Protective Immunity against Chlamydia psittaci Lung Infection Induced by a DNA Plasmid Vaccine Carrying CPSIT_p7 Gene Inhibits Dissemination in BALB/c Mice

Abstract

Chlamydia psittaci (C. psittaci), a zoonotic pathogen, poses a potential threat to public health security and the development of animal husbandry. Vaccine-based preventative measures for infectious diseases have a promising landscape. DNA vaccines, with many advantages, have become one of the dominant candidate strategies in preventing and controlling the chlamydial infection. Our previous study showed that CPSIT_p7 protein is an effective candidate for a vaccine against C. psittaci. Thus, this study evaluated the protective immunity of pcDNA3.1(+)/CPSIT_p7 against C. psittaci infection in BALB/c mice. We found that pcDNA3.1(+)/CPSIT_p7 can induce strong humoral and cellular immune responses.
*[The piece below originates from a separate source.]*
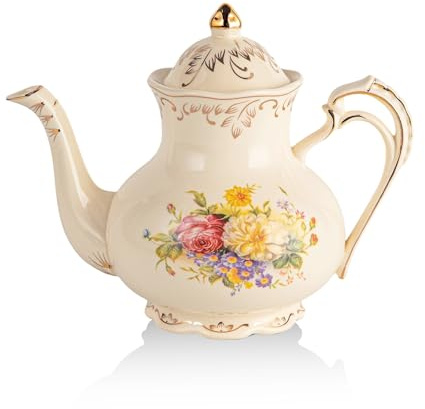 YOLIFE Floral Teapot, 35oz/4 Cup Vintage Ivory Ceramic Tea Pot with Infuser for Loose Leaf Tea, Flowering Shrubs Teapot with Gold Trim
The IFN-γ and IL-6 levels in the infected lungs of mice immunized with pcDNA3.1(+)/CPSIT_p7 reduced substantially. In addition, the pcDNA3.1(+)/CPSIT_p7 vaccine diminished pulmonary pathological lesions and reduced the C. psittaci load in the lungs of infected mice. It is worth noting that pcDNA3.1(+)/CPSIT_p7 suppressed C. psittaci dissemination in BALB/c mice. In a word, these results demonstrate that the pcDNA3.1(+)/CPSIT_p7 DNA vaccine has good immunogenicity and immunity protection effectiveness against C. psittaci infection in BALB/c mice, especially pulmonary infection, and provides essential practical experience and insights for the development of a DNA vaccine against chlamydial infection.